DSPM supports a broad set of file types for content extraction, classification, and scanning. This document lists all supported formats, configuration-file coverage, and unsupported source-code types.

Standard File Types Supported

Documents & Text Files

File Types	Notes
`.txt`, `.html`, `.xhtml`, `.xml`, `.pdf`, `.doc`, `.docx`, `.rtf`, `.odt`, `.epub`, `.pages`, `.wpt`, `.abw`, `.sxw`, `.wpd`	Fully supported for content extraction

Spreadsheets

File Types	Notes
`.xls`, `.xlsx`, `.csv`, `.tsv`, `.ods`, `.numbers`, `.xlsm`, `.xlt`, `.xltx`, `.sxc`	Fully supported

Presentations

File Types	Notes
`.ppt`, `.pptx`, `.odp`, `.key`, `.pps`, `.ppsx`, `.sxi`	Fully supported

Email Files

File Types	Notes
`.msg`, `.eml`, `.mbox`, `.pst`, `.ost`	Metadata + message body extraction supported

Structured & Markup Data

File Types	Notes
`.json`, `.yaml`, `.yml`, `.xml`, `.html`, `.xhtml`, `.rss`, `.atom`, `.svg`	Common for configuration files; fully supported

Images

File Types	Notes
`.jpg`, `.png`, `.gif`, `.tiff`, `.tif`, `.bmp`, `.webp`, `.ico`, `.psd`, `.svg`	OCR/extraction supported where applicable

Archives / Compressed Files

File Types	Notes
`.zip`, `.tar`, `.gz`, `.bz2`, `.7z`, `.jar`, `.rar`, `.xz`, `.lzma`, `.z`	DSPM recursively scans supported file types inside archives

Other / Dynamic Extensions

Description	Notes
Logs and other text-based dynamic extensions	Supported when text extraction is possible

Source Code File Support

DSPM scans configuration-oriented file types for secrets, credentials, and sensitive values. It does not perform full static code analysis.

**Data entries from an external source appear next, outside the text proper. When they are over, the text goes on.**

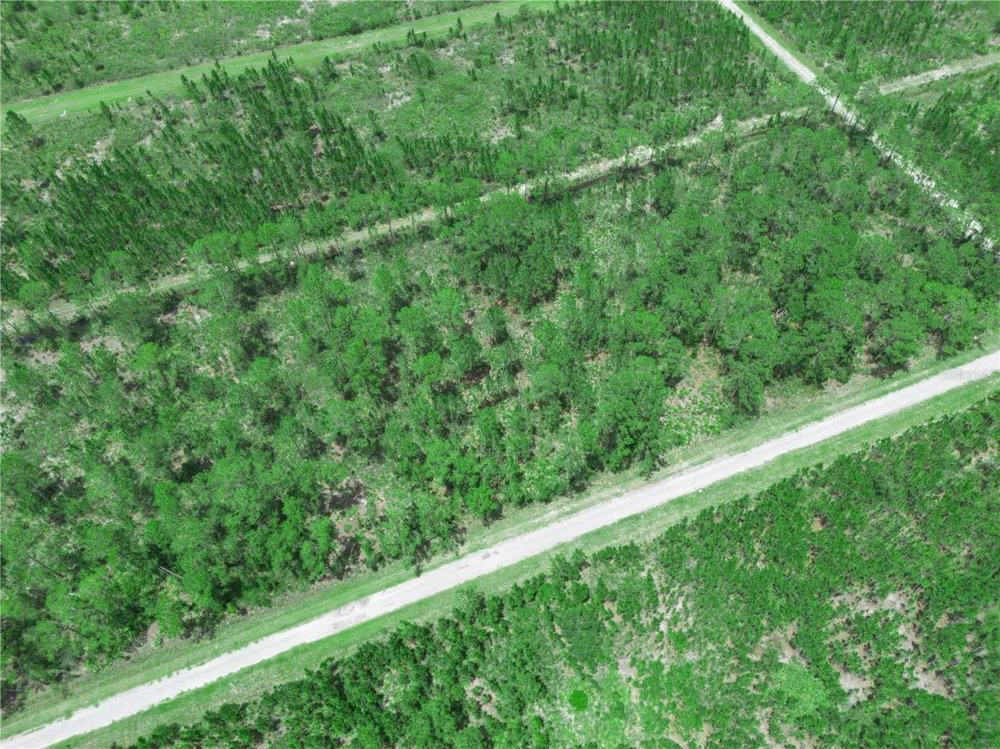 0 VALENCIA DRIVE Indian Lake Estates, FL 33855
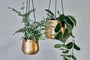 Nkuku Vases & Planters Atsu Brass Hanging Planter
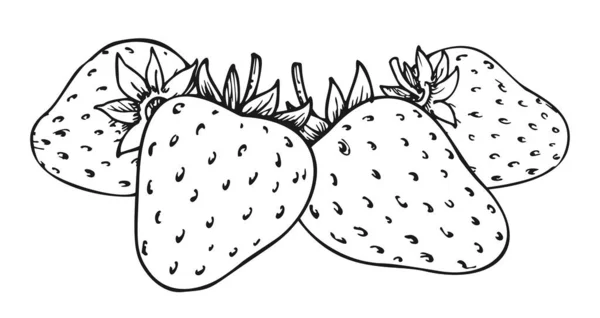 Sweet Strawberry Hand Drawn Linear Sketch Forest Berries Bundle Coloring — Vetor de Stock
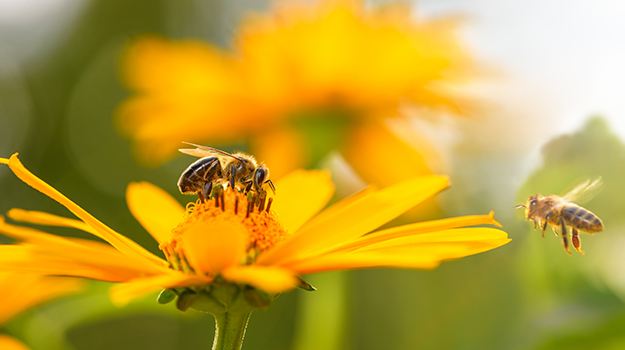 Coreopsis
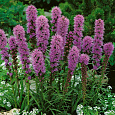 Лиатрис колосковый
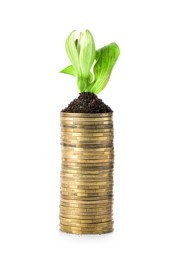 Photo of Stack of coins and green plant isolated on white. Successful investment
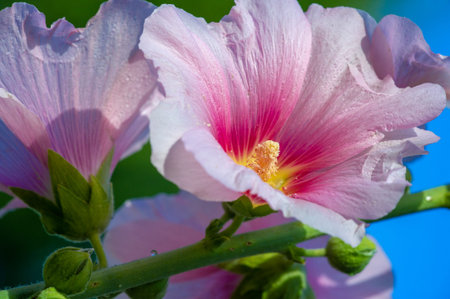 Mallow - edible in the form of leafy vegetables. Known in Turkish as ebegÃ¼meci, it is used in...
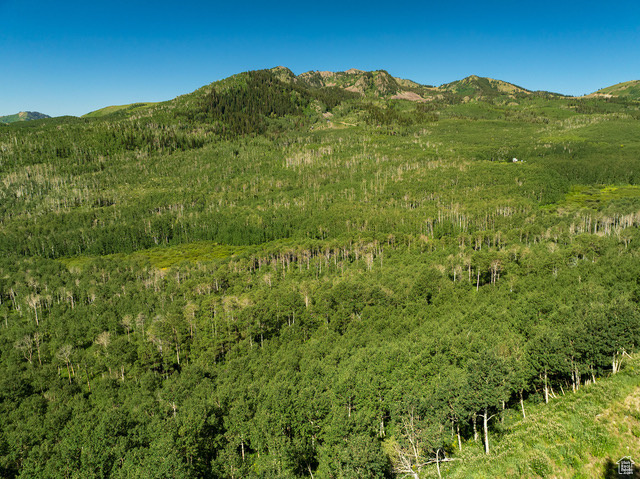 BRIGHTON ESTATES - Land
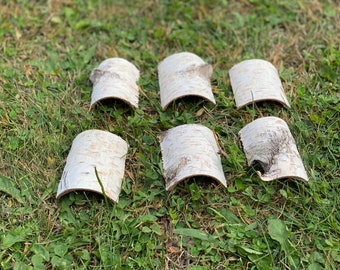 Cinco tejas de abedul blanco, mini túneles para arañas, de aproximadamente 7,6 cm de largo por 5 cm de ancho y 2,5 cm de alto.
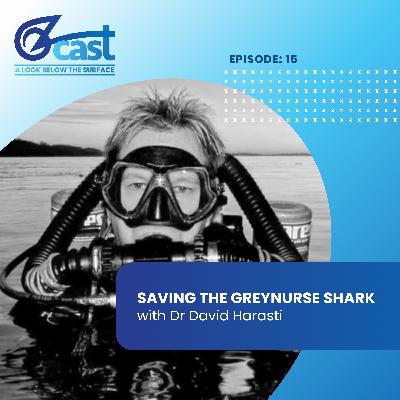 Saving the Greynurse Shark Saving the Greynurse Shark
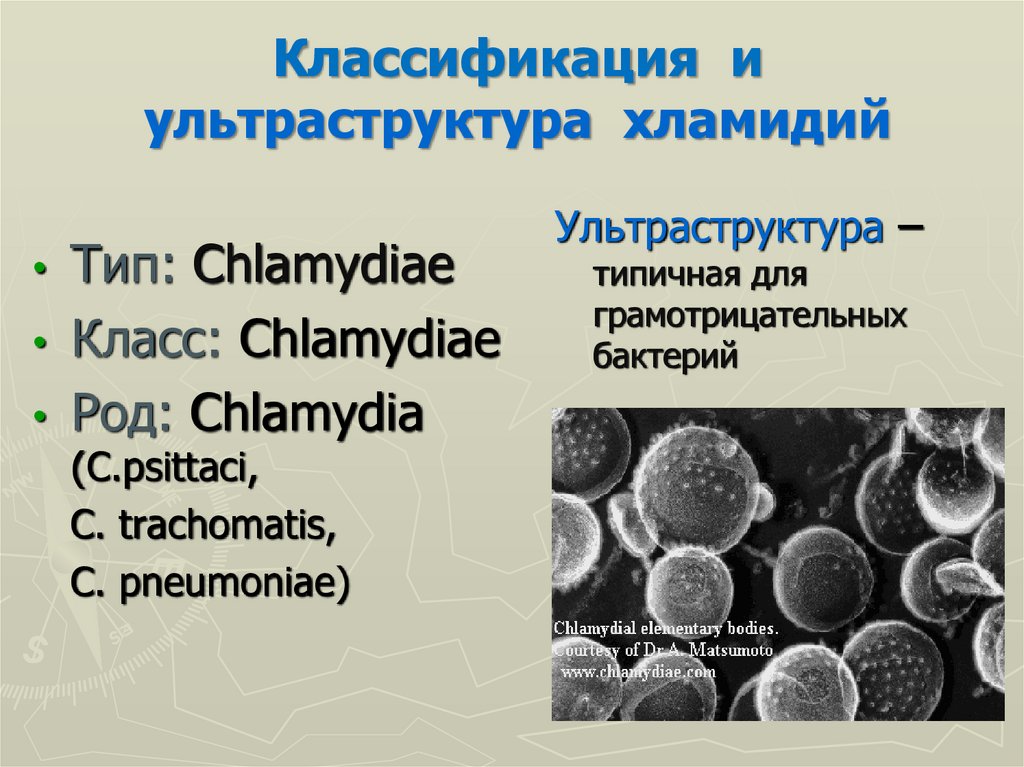 Anti chlamydia trachomatis. Хламидии классификация бактерий. Хламидия трахоматис морфология. Хламидия пситаци. Ультраструктура бактерий.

Supported (Configuration-Oriented) Source Code Formats

File Type	Description
`.xml`	XML configuration/markup
`.yaml`, `.yml`	YAML configuration files
`.json`	JSON configuration and policy files
`.html`	HTML files
`.env`	Environment variable files

Source Code Formats Not Supported

These programming-language file types are not analyzed:

Language	File Types
Python	`.py`
JavaScript / TypeScript	`.js`, `.ts`
Java	`.java`
C / C++	`.c`, `.cpp`
Go	`.go`
Ruby	`.rb`
PHP	`.php`
React	`.jsx`, `.tsx`

Additional Notes

File support is based on Apache Tika extraction capabilities.
Archives are scanned recursively.
Unsupported binary formats may be ingested but not analyzed.